In the early pages, Segersten and Malterre introduce the 7 Good Reasons to Eat Whole Foods. It’s so simple!
- To Promote Intestinal Function – Healthy tubes=healthy bod.
- To Decrease Cellular Damage- Not all things free are good, ahem, free radicals, ahem.
- To Decrease Systemic Inflammation- Heavy consumption of refined sugar, animal products, refined oils, and refined carbs can promote arthritis, heart disease, diabetes, high blood pressure, osteoporosis, and cancers. No one wants to live inflamed.
- To Support Optimum Organ Function- Optimal nutrients and fibers means smooooooth sailing.
- To Assist with Hormonal Balance- Estrogen can become a helpful molecule, a harmful molecule, or a REALLY harmful molecule.
- To Regulate the Immune System- It’s not all about Vitamin C.
- To Maintain a Healthy Weight- Quality > Quantity when it comes to foods. Make healthy choices and our bodies will follow.

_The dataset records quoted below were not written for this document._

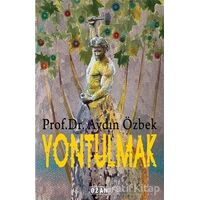 Yontulmak - Aydın Özbek - Ozan Yayıncılık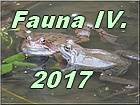 Fauna 4 2017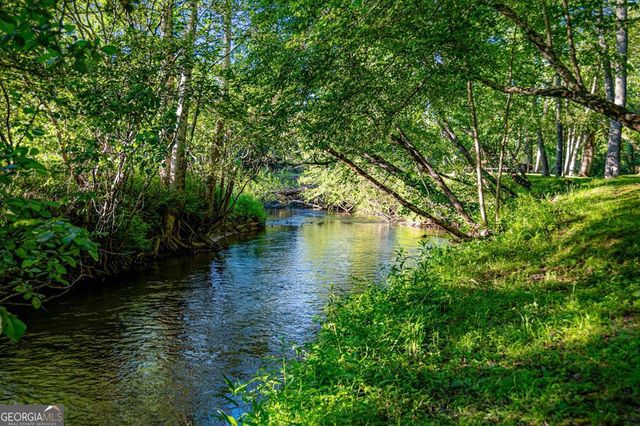 390 Sunnybrook Road, Blue Ridge, GA 30513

Focusing on greens, vegetables, fruit, whole grains, beans, lentils, nuts, seeds, sea vegetables, unrefined oils, natural sweeteners, and even a little dairy and meat, the yummy options are endless for eating well. At the center of it all is getting adequate exercise, sunshine, and fresh air. We may not be able to directly control the situations that arise in our everyday lives, but we can make sure we are in optimal health to take on whatever the world has to throw at us. Healthy body, healthy mind.
There are so many wonderful tidbits of information crammed into The Whole Life Nutrition Cookbook that I could go on for days. Our impact on the environment, gluten free help, egg allergies, dairy intolerance, whole food guides, organics, and most importantly, RECIPES! I am excited to try their take on a Thai Coconut Vegetable Soup and their Sunny Sunflower Seed Burgers. Yum.
We have a choice. We can learn. By choosing whole foods and listening to our body’s feedback, we can experience true nourishment and be happy. It is not about dieting, it’s about making consistent healthy choices; allowing us to be nourished and to thrive on the vibrations of life.